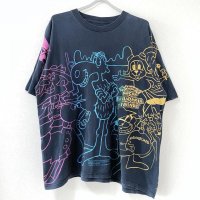 90s USA製 ROCKY and BULLWINKLE TEE SHIRT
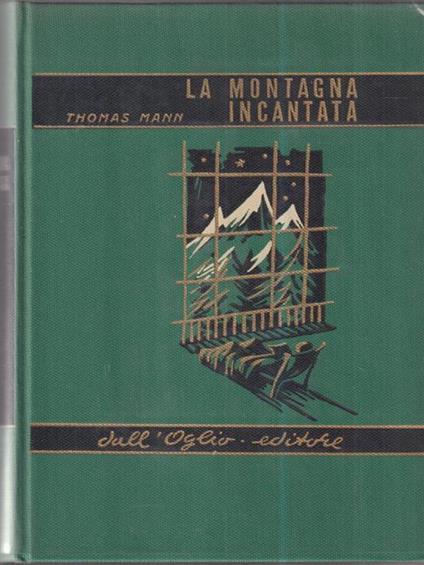 La montagna incantata - Thomas Mann - copertina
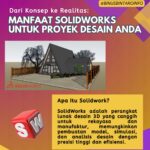 KURSUS SOLIDWORK - Bintaro,Jakarta, Tangerang, Bogor, Bekasi, Depok | Hybrid (Online & Onsite) Kursus Solidwork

━━━━━━━━━━━━━━━━━━━━━━━━━━━━━━

**Prompt**
Could you set down the data exactly as given, minus its pictures?

**Exercise output**
 90s USA製 ROCKY and BULLWINKLE TEE SHIRT
 La montagna incantata - Thomas Mann - copertina
 KURSUS SOLIDWORK - Bintaro,Jakarta, Tangerang, Bogor, Bekasi, Depok | Hybrid (Online & Onsite) Kursus Solidwork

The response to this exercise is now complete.